**Work request:** Transcribe the entries, keeping every character the same.

═════ Source material ═════

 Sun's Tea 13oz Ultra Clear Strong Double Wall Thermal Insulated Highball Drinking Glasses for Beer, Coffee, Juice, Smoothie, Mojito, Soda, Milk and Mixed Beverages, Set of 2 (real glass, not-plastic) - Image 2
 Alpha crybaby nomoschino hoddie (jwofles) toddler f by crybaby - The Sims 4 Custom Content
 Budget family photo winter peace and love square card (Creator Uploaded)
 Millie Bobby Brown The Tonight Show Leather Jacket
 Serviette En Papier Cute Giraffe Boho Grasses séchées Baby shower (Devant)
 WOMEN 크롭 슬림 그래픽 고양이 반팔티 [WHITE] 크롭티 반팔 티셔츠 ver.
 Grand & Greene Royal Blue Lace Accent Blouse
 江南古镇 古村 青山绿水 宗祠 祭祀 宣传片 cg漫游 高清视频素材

═════

**Completed task:**
 Sun's Tea 13oz Ultra Clear Strong Double Wall Thermal Insulated Highball Drinking Glasses for Beer, Coffee, Juice, Smoothie, Mojito, Soda, Milk and Mixed Beverages, Set of 2 (real glass, not-plastic) - Image 2
 Alpha crybaby nomoschino hoddie (jwofles) toddler f by crybaby - The Sims 4 Custom Content
 Budget family photo winter peace and love square card (Creator Uploaded)
 Millie Bobby Brown The Tonight Show Leather Jacket
 Serviette En Papier Cute Giraffe Boho Grasses séchées Baby shower (Devant)
 WOMEN 크롭 슬림 그래픽 고양이 반팔티 [WHITE] 크롭티 반팔 티셔츠 ver.
 Grand & Greene Royal Blue Lace Accent Blouse
 江南古镇 古村 青山绿水 宗祠 祭祀 宣传片 cg漫游 高清视频素材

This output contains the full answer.